By your logic, if you were to write your own novel, I could invalidate your reason for writing it by exposing it to millions of kids who were not to think of it as they chose, because I happened to be an Eng. lit. teacher and said I had the definitive view of the novel, without ever consulting you, and proceeded to force all those children to agree with me, or they'd "stray too far." I could select exactly what tiny segments of the book to highlight, as if I were you, the author, and knew exactly what the key events of the book were to properly highlight the major theme I want to present.
That's all Manus and me are trying to say - we don't believe that's a way to actually formulate your own idea of the novel, but rather systematically remove all enjoyment of the novel through tonnes of endless analyzing while having whatever views seem... different... to be torn to shreds.
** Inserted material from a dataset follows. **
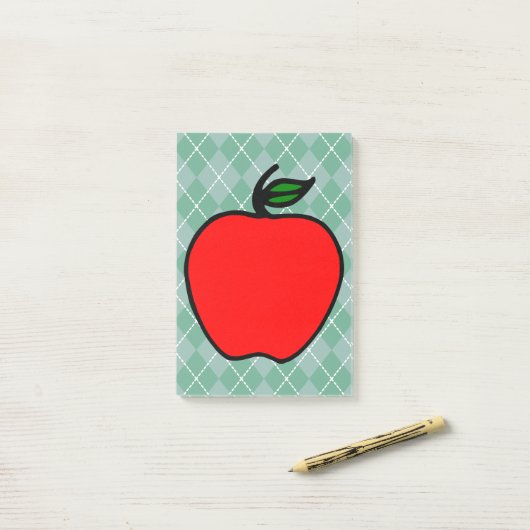 Red Apple School Post It Notesギフト ポストイット (デスク上)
I'll bet it's easy, if you can just repeat exactly what your teacher thinks about the novel, he or she will clearly try to convince you, and slightly alter the words. Easy, but you're just being programmed to think the way he is. Either that, or you don't care what he thinks, and go into your next class prepared to completely undermine your previous work's "opinions" if your next teacher feels differently. Either way, hardly of any practical use in learning.

Originally Posted by
Harle-Quin
Moral is: If you're an ignorant dumbass, no one cares about your views or opinions.
I'm willing to admit when I'm wrong within reason, but there is no right or wrong opinion on a fictional work and never should be. See above comments if you need any further logic than that, it seems Zeldy does.